Mariusz Tarsa, dyrektor Zespołu Szkół w Stróżówce, w pierwszej klasie będzie miał dziesięcioro dzieci. Wszystkie to te odroczone z poprzedniego roku. Nie ma w tej grupie ani jednego sześciolatka. Może więc mówić, że jest nieźle. - Wiem, że w innych gminach wójtowie decydują się na to, by tworzyć klasy dla czterech czy pięciu osób. Jednocześnie łączą jednak klasę pierwszą z drugą. Na poziomie nauczania początkowego nie ma z tym problemu. Kłopot zaczyna się w klasach starszych. Osobiście szczerze współczuję nauczycielom, którzy muszą na jednej lekcji realizować program dla różnych grup wiekowych - komentuje.

Lidia Szydłowska, nauczycielka nauczania początkowego w tejże szkole, ocenia, że optymalna grupa uczniów to jakieś 15-18 osób. Jest czas na podciąganie najsłabszych, ale i pracę ze zdolnymi. - Można pracować z nimi metodami aktywnymi - zajęcia na dywanie, wspólne gry z wykorzystaniem multimedialnych pomocy naukowych - opowiada. - W takiej grupie tworzy się dobra atmosfera do zdrowej rywalizacji - dodaje. Jest jeszcze jedna sprawa. Małe klasy to wbrew pozorom kłopot z realizacją programu. Wystarczy… fala zimowych przeziębień, która dziesiątkuje szkołę.

- Pewnie, że tych dziesięcioro dzieci na tle wielu szkół to doskonały wynik. Wbrew pozorom, nie do końca. Niech z tej grupy zachoruje czwórka. Co robić? Realizować program z resztą czy czekać na powrót chorych? - zastanawia się Mariusz Tarsa. - Nie wyobrażam sobie, co zrobić, gdy klasa ma pięcioro uczniów - dodaje.
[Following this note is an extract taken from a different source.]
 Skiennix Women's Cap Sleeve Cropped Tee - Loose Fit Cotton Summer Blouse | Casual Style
Niewiele dzieci, potrzeba mniej nauczycieli

Musimy zlikwidować jeden etat w najbliższym roku szkolnym i następny w kolejnym - mówi Małgorzata Małuch, wójt gminy Sękowa. - Szukam jakiegoś miękkiego rozwiązania, ale liczb nie zmienimy - dodaje. W szkole w Sękowej będzie miała wprawdzie 13 dzieci, ale już w Siarach będzie pięcioro, a w szkole w Męcinie Wielkiej - zaledwie dwoje. Nie chce też na razie myśleć o dowożeniu dzieci. - To, jakby nie patrzeć, mało komfortowe dla maluchów - mówi.
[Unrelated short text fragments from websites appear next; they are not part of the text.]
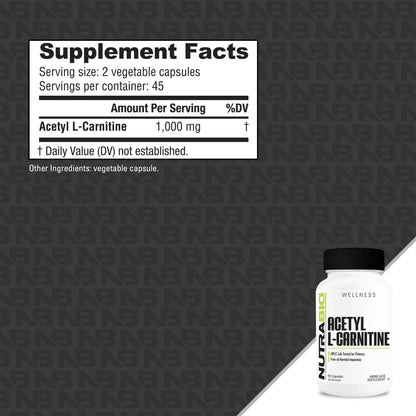 NutraBio Acetyl L-Carnitine (ALCAR) Supplement 500mg - 90 Capsules | Natural Energy Production & Metabolic Support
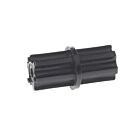 Black cylindrical plastic internal tube connector with longitudinal ridges and a central ring flange, used for joining 42mm pipes.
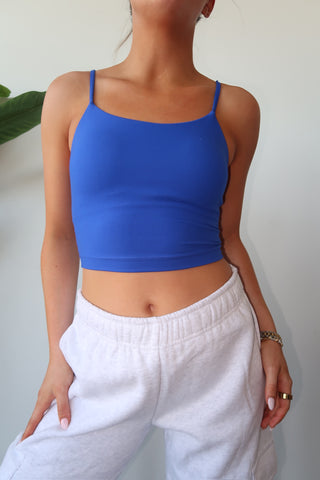 Royal Blue Butter Soft Cropped Tank Top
Katarzyna Kawa, pedagog, właścicielka Niepublicznej Poradni Psychologiczno-Pedagogicznej Echo w Gorlicach, w małych klasach upatruje samych korzyści. - Nauczyciel ma więcej czasu, jeśli przeliczać jego pracę na ucznia - ocenia. - Jest cała paleta możliwości, by pracować z tym najzdolniejszym, tak by się nie nudził, ale i z tym słabszym, by nie czuł się gorszy - podkreśla. Zastrzega, że nawet tak dobre warunki do pracy można przekształcić w masowe podejście do uczniów. - Wtedy potencjał z małej klasy będzie żaden - przestrzega.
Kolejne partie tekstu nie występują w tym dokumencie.